Some reviewers have unkindly pointed out such irregularities while another, wrongly, drew attention to an age discrepancy between the royal lovers, stating that he was just 13 while she was ‘matronly.’ In fact Edward IV was 22 when he married the 27 year old widow Elizabeth.
This lavish 10 part series is based on three novels by Philippa Gregory – The White Queen, The Red Queen and The Kingmaker’s Daughter. Starring Rebecca Ferguson as the ethereal but deceptively shrewd Elizabeth Woodville, Amanda Hale, the future Henry VII’s absent mother and slightly deranged Lady Margaret Beaufort and Faye Marsay as Anne Neville, wife of Richard III.
The male characters are easy on the eye, especially Edward IV (Max Irons.) Even the villainous ‘Kingmaker’ Richard Neville, Earl of Warwick (James Fran) is none too shabby.
But this is a story about women, or so the beeb would have us believe. Amanda Hale (Lady Margaret Beaufort) has something to say about that.
“You go into something that purports to be a women’s drama, with women in the leads, and then you find every script has got these really gratuitous nude scenes. Isn’t it enough that it’s about women? Do we also have to be naked?” she asked Gerard Gilbert of The Independent.
So will viewers persevere with the medieval mayhem? If you’re a stickler for historical fact and costume accuracy, maybe not, but don’t give up on all the gorgeousness that is on offer. This is a rattling good tale about, what is after all, an incredibly complicated period of British history.

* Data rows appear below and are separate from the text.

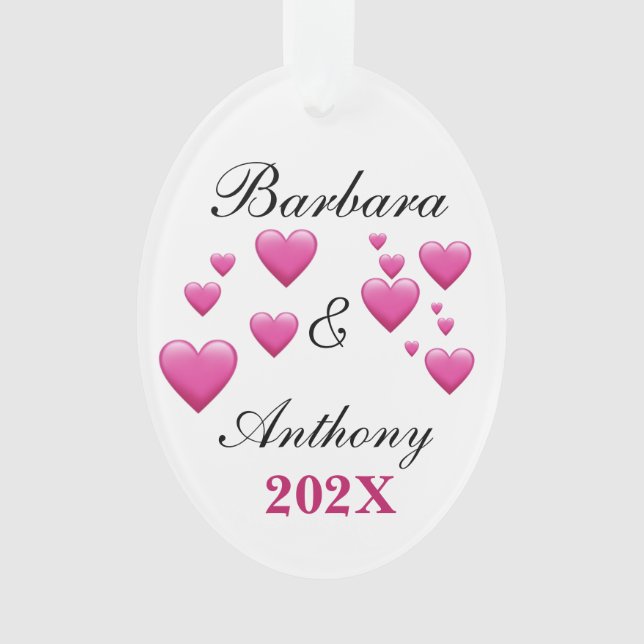 Personalisieren Sie die Acrylic Ornamente für Ihre (Vorderseite)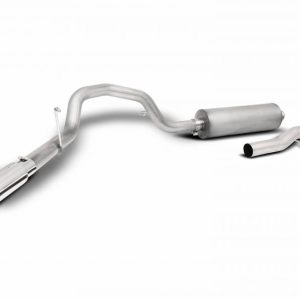 Gibson Exhst Exhaust System Kit, Exhaust System Kit Cat Back System, Stainless Steel, With Muffler, 3-1/2 Inch Pipe Diameter – 616517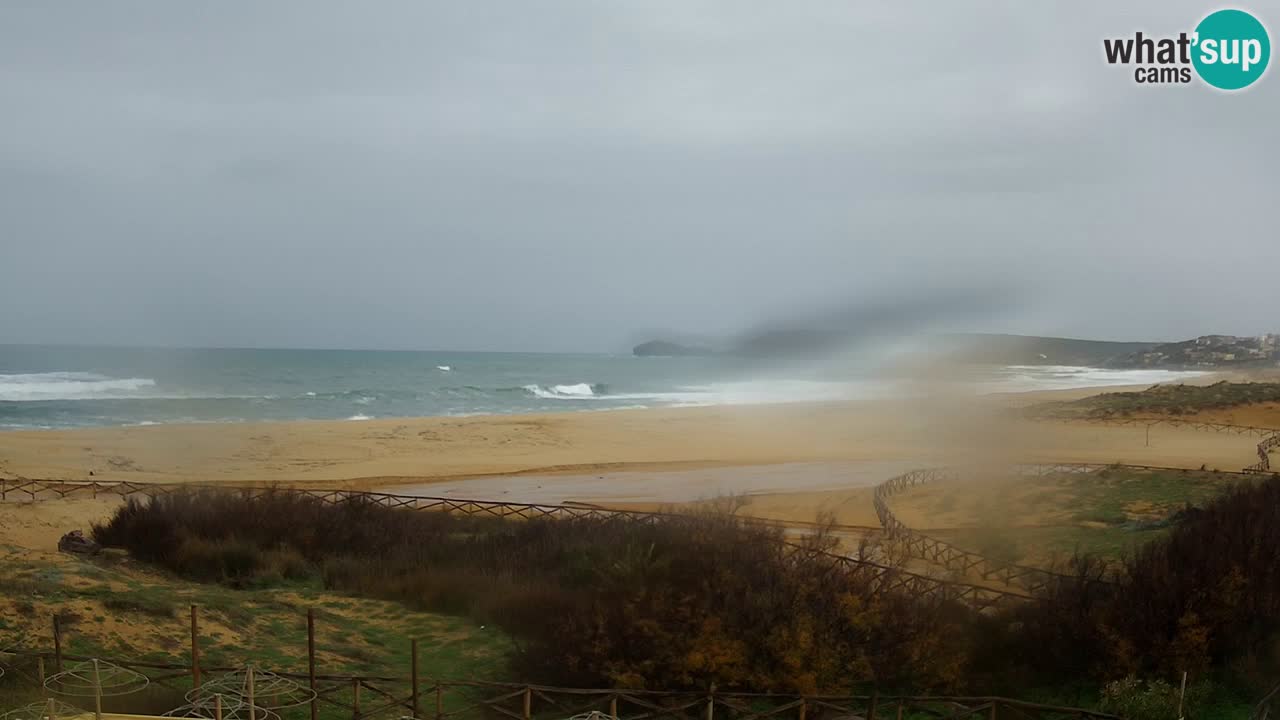 Cámara web Torre dei Corsari – Vista en directo de la playa desde Punta Usai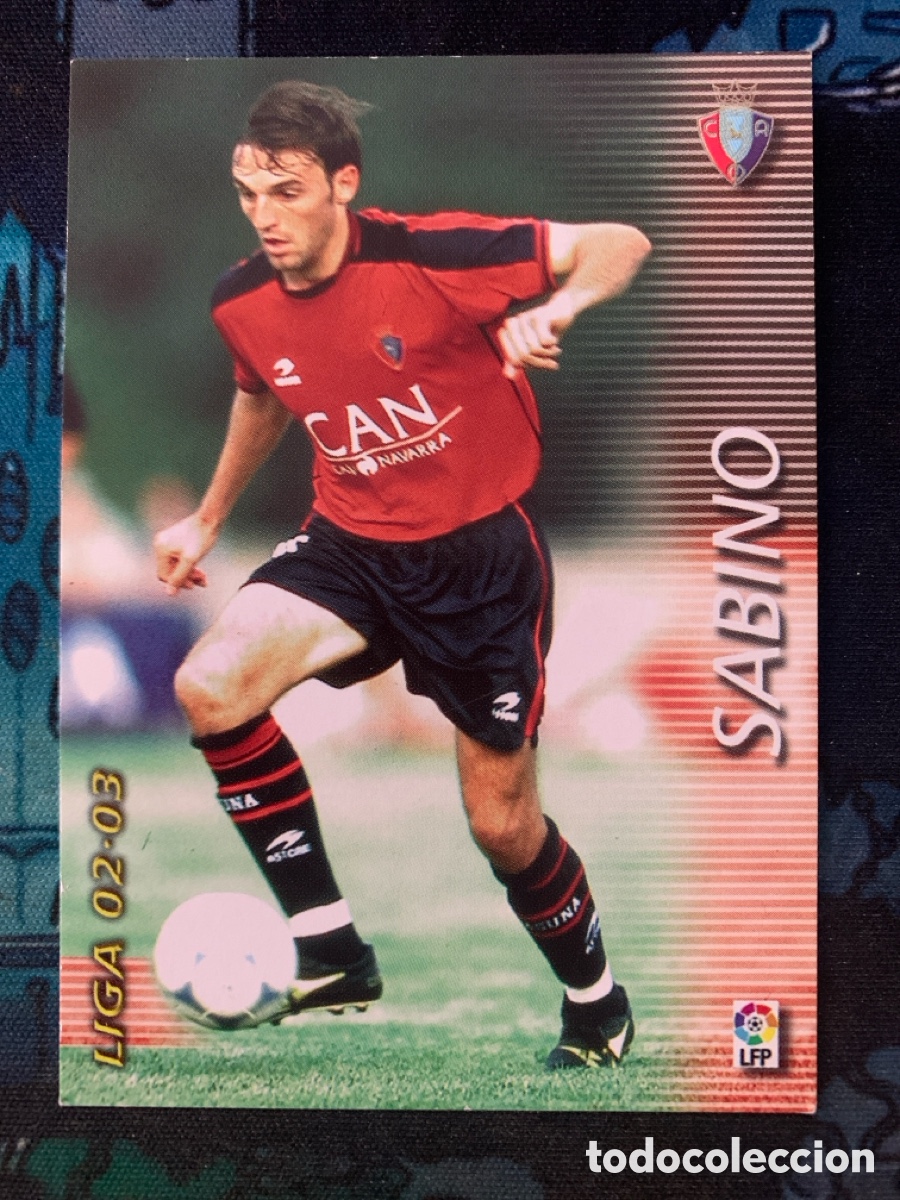 Cartes &agrave; collectionner de Football: SABINO OSASUNA Megafichas 2002-03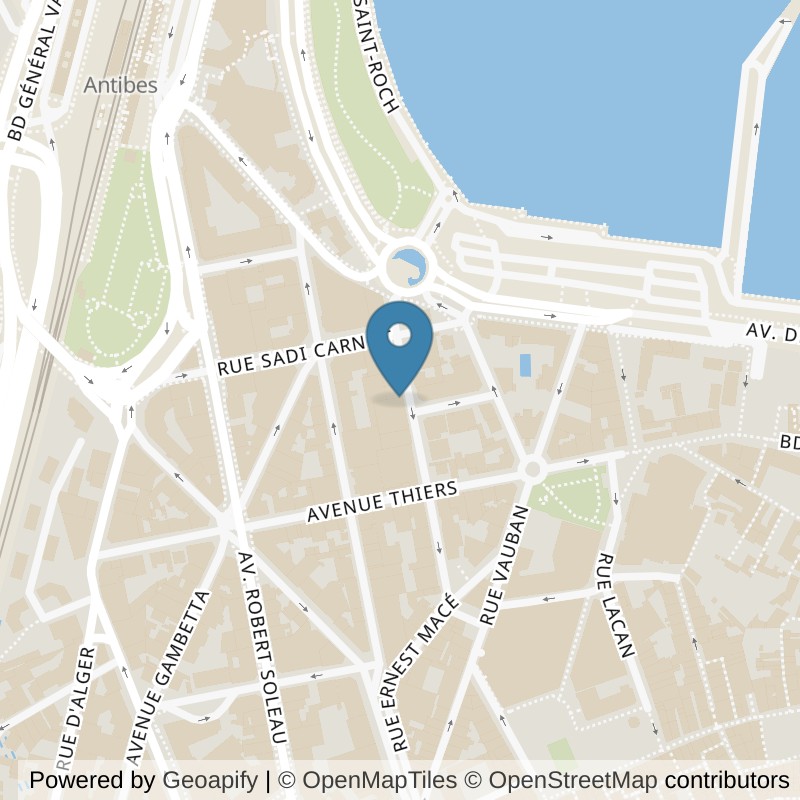 Map: location of Basic-Fit Antibes Avenue Mirabeau 15 in Antibes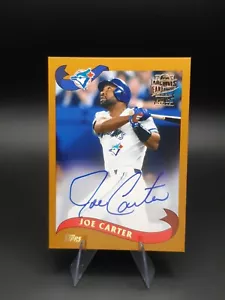 2021 Topps Archives Joe Carter Auto Autograph Fan Favorites Blue Jays #FFA-JC - Picture 1 of 2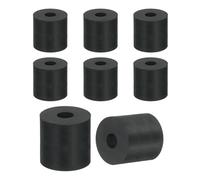 sourcing map 12Pcs Thick Rubber Spacer, 1 Inch OD x 5/16 Inch ID x 1 Inch Thickness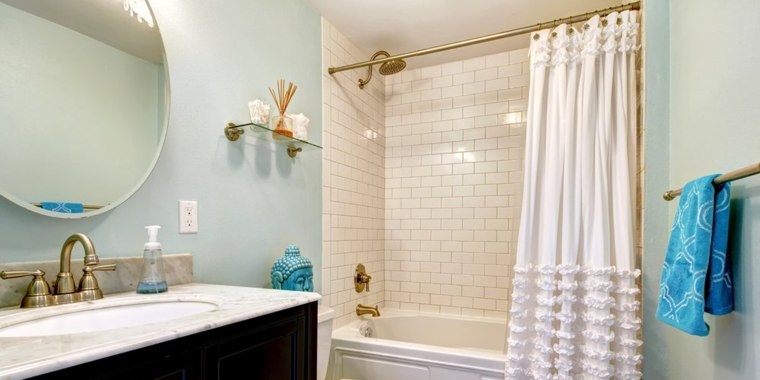 How to clean your shower curtain and shower curtain liner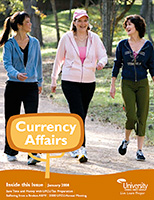 Cover of the winter 2008 Currency Affairs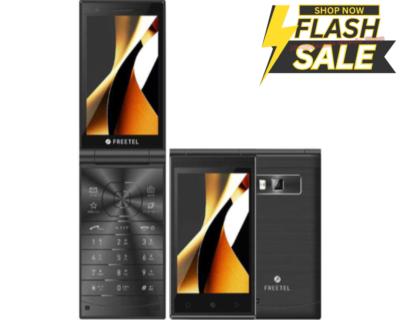 B] Freetel Musashi FTJ161A Unlocked SIM Flip Cell Phone Android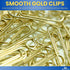 1InTheOffice Jumbo Paper Clips, Gold, Smooth, 100/Pack...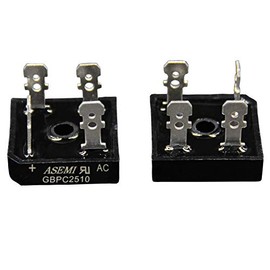 ASEMI GBPC2510 Bridge Rectifier Diode Through Hole Single Phase Rectifier with Heatsink (Pack of 2)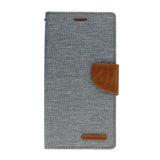 Goospery CANVAS Card Holder Fabric Folio Wallet Flip Stand Case For LG G8 ThinQ(2019) 6.1"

So, good gentlewomen, where is the St John family connection?
New readers might care to visit my blog posts on Lady Margaret Beaufort and her mother Lady Margaret Beauchamp to save me repeating myself – but there is an additional link in this War of the Roses saga.
Kingmaker Richard Neville acquired the title Earl of Warwick through his wife Anne, the daughter of Richard Beauchamp, 13th Earl of Warwick and his wife Isabel le Despenser. The title passed to their son Henry de Beauchamp, 1st Duke of Beauchamp, but when he died without a male heir the title went to their daughter Anne Beauchamp.
Anne traces her paternal line back six generations to Walter de Beauchamp and Isabel Mauduit, the 5x great grandparents of Margaret Beauchamp who married Oliver St John in about 1425.
This makes scheming Anne, wife of the Earl of Warwick, played by actress Juliet Aubrey 5th cousin once removed to Frances Tomelty’s nasty Margaret Beauchamp.
The White Queen continues on BBC1 Sunday 9pm.